La guerre en sous-traitance : comment l’armée émiratie est renforcée par les mercenaires
Tout comme leurs villes futuristes et leur économie florissante, l’armée des Émirats arabes unis a été construite grâce à un savoir-faire et une main-d’œuvre venant de l’étranger et financés par les pétrodollars.
L’an dernier, dans le désert des Mojaves, en Californie, un Américain en casque et en armure se tenait devant une ligne de soldats émiratis armés de fusils qui se trouvaient aux États-Unis pour s’entraîner.
«Je suis le général Stephen A. Toumajan», a-t-il dit devant la caméra avec un accent distinctement américain, tout en agrippant des pouces les flancs de son lourd gilet pare-balles. «Je suis le général en chef du Commandement aérien conjoint… euh… aux Émirats arabes unis.»
Sa langue n’a pas fourché : ancien lieutenant-colonel de l’armée américaine, le général Toumajan est le commandant de la branche d’hélicoptères militaires des Émirats arabes unis. Il porte l’uniforme émirati, donne des ordres à des soldats émiratis et est identifié comme un général d’une force étrangère lorsqu’il rencontre des homologues américains.
Tout comme leurs villes futuristes et leur économie florissante, l’armée des Émirats arabes unis a été construite grâce à un savoir-faire et une main-d’œuvre venant de l’étranger et financés par les pétrodollars. Engagés dans la guerre au Yémen – et nourrissant l’ambition de devenir une puissance terrestre, aérienne et maritime dominante au Moyen-Orient –, les Émirats arabes unis s’appuient fortement sur l’expertise étrangère pour transformer et guider leur armée.

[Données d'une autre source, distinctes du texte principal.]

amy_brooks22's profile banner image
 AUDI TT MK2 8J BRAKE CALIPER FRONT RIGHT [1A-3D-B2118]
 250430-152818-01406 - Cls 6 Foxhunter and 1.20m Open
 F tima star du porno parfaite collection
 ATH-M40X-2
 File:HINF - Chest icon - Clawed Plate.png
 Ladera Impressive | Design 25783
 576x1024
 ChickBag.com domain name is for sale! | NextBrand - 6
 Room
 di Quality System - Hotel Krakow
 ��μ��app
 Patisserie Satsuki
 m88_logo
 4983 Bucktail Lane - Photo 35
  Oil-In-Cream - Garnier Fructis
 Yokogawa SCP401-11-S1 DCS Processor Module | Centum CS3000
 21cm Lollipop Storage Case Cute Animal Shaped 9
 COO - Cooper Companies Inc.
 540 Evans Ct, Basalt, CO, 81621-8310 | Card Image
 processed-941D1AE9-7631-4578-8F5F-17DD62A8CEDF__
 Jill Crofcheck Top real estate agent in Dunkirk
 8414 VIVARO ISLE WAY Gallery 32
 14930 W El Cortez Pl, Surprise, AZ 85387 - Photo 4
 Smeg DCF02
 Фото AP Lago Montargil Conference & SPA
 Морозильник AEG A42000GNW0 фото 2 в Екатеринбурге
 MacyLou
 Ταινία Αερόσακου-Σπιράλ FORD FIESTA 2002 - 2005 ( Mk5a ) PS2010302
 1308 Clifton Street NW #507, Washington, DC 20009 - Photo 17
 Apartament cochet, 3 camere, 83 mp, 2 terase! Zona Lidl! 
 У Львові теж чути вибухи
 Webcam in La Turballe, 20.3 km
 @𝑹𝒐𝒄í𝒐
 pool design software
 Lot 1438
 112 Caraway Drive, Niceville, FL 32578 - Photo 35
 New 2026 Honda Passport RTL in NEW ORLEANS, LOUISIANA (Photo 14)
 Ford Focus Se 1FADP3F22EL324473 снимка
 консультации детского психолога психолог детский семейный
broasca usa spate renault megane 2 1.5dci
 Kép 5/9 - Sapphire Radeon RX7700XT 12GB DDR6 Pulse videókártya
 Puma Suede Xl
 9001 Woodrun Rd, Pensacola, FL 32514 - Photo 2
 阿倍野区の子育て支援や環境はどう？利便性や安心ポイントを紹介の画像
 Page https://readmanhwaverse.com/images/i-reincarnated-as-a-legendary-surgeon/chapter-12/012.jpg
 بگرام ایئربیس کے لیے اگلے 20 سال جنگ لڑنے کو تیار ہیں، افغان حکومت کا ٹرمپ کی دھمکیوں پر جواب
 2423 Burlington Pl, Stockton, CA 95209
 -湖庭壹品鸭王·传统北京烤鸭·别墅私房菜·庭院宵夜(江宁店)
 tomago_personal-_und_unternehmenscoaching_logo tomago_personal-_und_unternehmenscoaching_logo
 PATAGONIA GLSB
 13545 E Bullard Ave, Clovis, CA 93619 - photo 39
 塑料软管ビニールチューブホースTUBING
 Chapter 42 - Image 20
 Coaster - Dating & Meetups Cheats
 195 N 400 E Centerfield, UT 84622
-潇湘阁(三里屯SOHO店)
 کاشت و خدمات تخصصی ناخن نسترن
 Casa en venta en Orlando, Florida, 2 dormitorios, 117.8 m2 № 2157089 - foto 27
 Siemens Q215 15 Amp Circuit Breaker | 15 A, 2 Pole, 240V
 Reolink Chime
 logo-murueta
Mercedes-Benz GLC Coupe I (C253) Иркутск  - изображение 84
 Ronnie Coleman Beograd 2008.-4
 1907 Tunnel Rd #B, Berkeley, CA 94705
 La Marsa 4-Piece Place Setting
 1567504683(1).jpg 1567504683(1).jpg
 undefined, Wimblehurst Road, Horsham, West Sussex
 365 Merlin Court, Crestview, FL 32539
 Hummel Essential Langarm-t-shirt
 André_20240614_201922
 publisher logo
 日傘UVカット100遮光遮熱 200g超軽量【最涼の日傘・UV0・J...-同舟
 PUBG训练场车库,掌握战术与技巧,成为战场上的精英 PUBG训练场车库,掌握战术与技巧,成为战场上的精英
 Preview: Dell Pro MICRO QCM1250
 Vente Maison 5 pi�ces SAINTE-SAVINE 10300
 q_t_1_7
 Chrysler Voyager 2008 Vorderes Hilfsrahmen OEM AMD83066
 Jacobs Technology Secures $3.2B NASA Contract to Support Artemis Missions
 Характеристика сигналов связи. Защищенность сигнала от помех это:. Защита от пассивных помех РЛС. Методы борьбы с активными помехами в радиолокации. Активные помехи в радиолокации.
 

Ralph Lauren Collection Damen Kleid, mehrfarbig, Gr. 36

Commandants, mercenaires ou formateurs, les étrangers ont joué un rôle central dans la montée en puissance de l’armée émiratie.
«Il me semble que c’est la manière dont les Émirats arabes unis utilisent et intègrent des étrangers et apprennent d’eux qui a probablement été – si nous devions en choisir un – le facteur central de la capacité militaire émiratie», a indiqué David Roberts, professeur adjoint au King’s College de Londres et spécialiste des affaires du Golfe.
«Toutes les forces militaires du Golfe emploient beaucoup d’étrangers, mais aux Émirats arabes unis, le résultat militaire est différent et plus probant.»
Des étrangers en uniforme émirati
Toumajan n’est pas le seul commandant étranger au sein des forces armées émiraties.
L’Australien Mike Hindmarsh est à la tête de la Garde présidentielle des Émirats arabes unis, considérée aujourd’hui comme l’une des meilleures forces de combat du monde arabe et active au Yémen.
On ne connaît pas réellement le rôle occupé par Toumajan et Hindmarsh. La Garde présidentielle serait à la tête du contingent émirati au Yémen, tandis que Hindmarsh serait sous la responsabilité directe du prince héritier d’Abou Dabi, Mohammed ben Zayed.
Toumajan a toutefois contesté son rôle dans l’armée émiratie, affirmant à Buzzfeed plus tôt cette année qu’il n’avait pas de forces sous son commandement au Yémen et qu’il n’avait pas fait allégeance aux Émirats arabes unis.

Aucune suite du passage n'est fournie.